Noriega and other experts warned House lawmakers at a Foreign Affairs Committee hearing on Wednesday that Iran’s terrorist proxy Hezbollah is gaining power in Venezuela.
Hezbollah, which carries out terrorist attacks on Iran’s behalf, has helped Tehran access Venezuela’s sophisticated financial sector, experts said.
“It’s easy to say billions have been laundered through various Iranian enterprises and institutions through the Venezuelan economy,” Noriega told the Free Beacon in an interview Thursday. “The Iranians have seized on this as a way to evade sanctions.”
Hezbollah has not only infiltrated Venezuela’s governmental bodies. The organization has also established terrorist training facilities on the country’s Margarita Island, according to Noriega.
Hezbollah has been able to form from this Caribbean haven “a marriage of convenience” with various narcotics traffickers and drug gangs that bring the terrorist “threat to our doorstep,” Noriega told lawmakers Wednesday.
The Mexican drug lord Joaquin Guzman, ringleader of the deadly Sinaloa Cartel, is known to have spent time on Margarita Island where he likely established ties with Hezbollah, according to Noriega.
“Our [belief] is that the brokered a relationship, a collaboration between Hezbollah and that narco group,” said Noriega, who also served as the U.S. ambassador to the Organization of American states from 2001 to 2003.
Hezbollah has been able to profit from its partnerships with drug traffickers and smugglers, money that likely goes to fund its terrorist operations across the globe.
Lawmakers and experts believe the U.S. government has failed to properly combat Hezbollah’s Latin American activities or even take the issue seriously.

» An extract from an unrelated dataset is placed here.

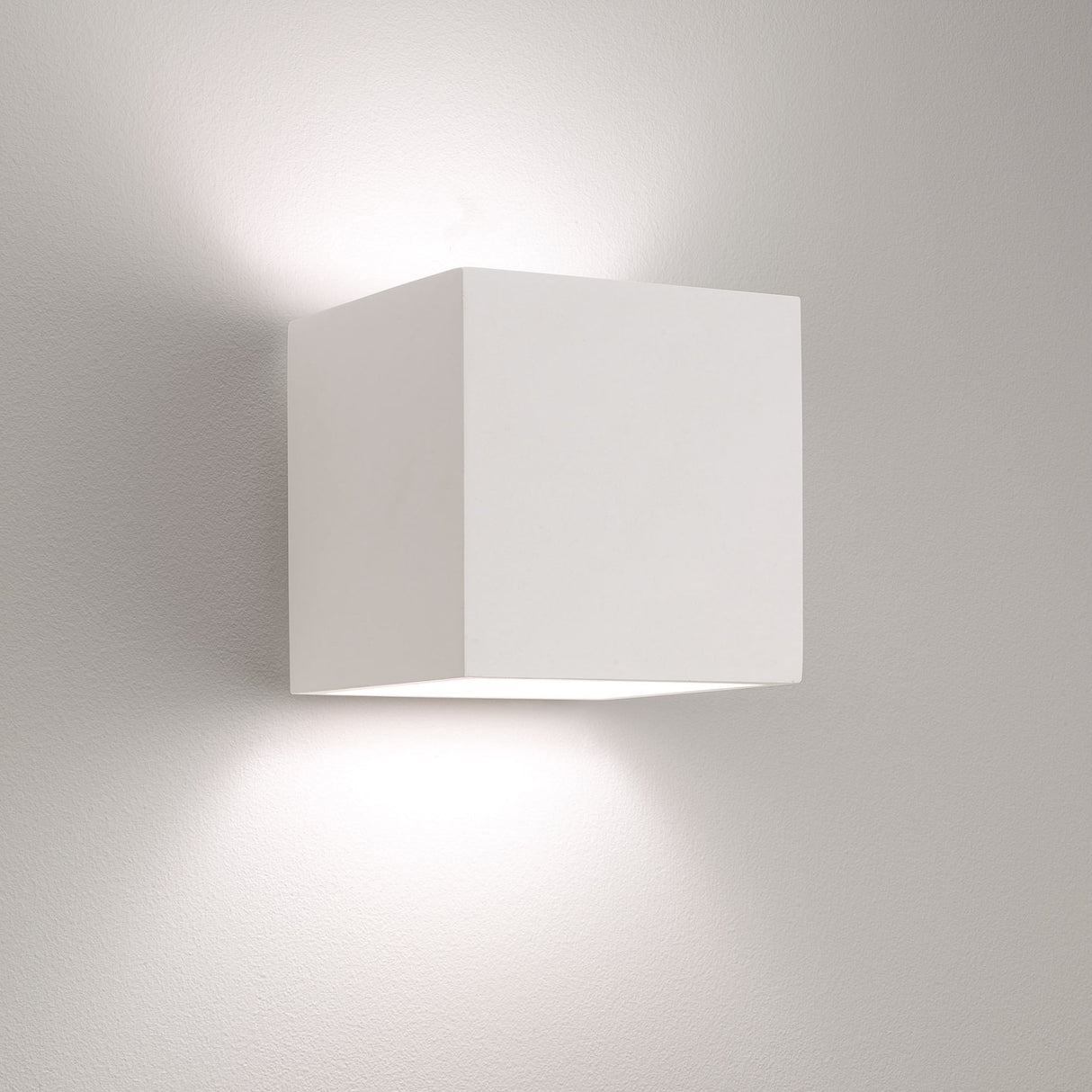 Pienza Large LED Wall Light Box in White Plaster Finish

“We have to do more and we have to do it quicker,” said Rep. Brad Sherman (D., Calif.), explaining that economic sanctions and other measures have failed to stymie Iran’s illicit behavior.
“The presence of Hezbollah in the region could serve as an important part of Iran’s [ability] to retaliate for [Western] efforts to curtail its nuclear program,” Sherman said.
The State Department, however, has mostly ignored the issue, Noriega said.
“They pass off statements of concerns,” he said. “That’s the best they’re able to do.”
Senior U.S. officials “minimize discussion of this problem and it has to change,” Noriega added. “At this point it’s bordering on criminal negligence.”
Hezbollah’s presence in the country is likely to grow as Venezuela determines Chavez’s successor, according to Noriega.
The terror group is likely “to emerge with potentially more powerful roles [in the Venezuelan government] because of their relationships with Maduro,” said Noriega. “This could go from bad to worse. If anything, they’ll have greater access at the highest levels.”
The only way for the U.S. to effectively combat this threat is to take action against the narcotics traffickers tied to Hezbollah.
U.S. authorities must investigate the money laundering activities, capture operatives as they travel across the region, and seize various bank assets associated with these groups, Noriega said.
“You track their involvements and do your best to intercept these people,” he said.
But “it all starts with an acknowledgement of the problem,” Noriega added. “It’s very frustrating, the State Department’s ostrich-like response.”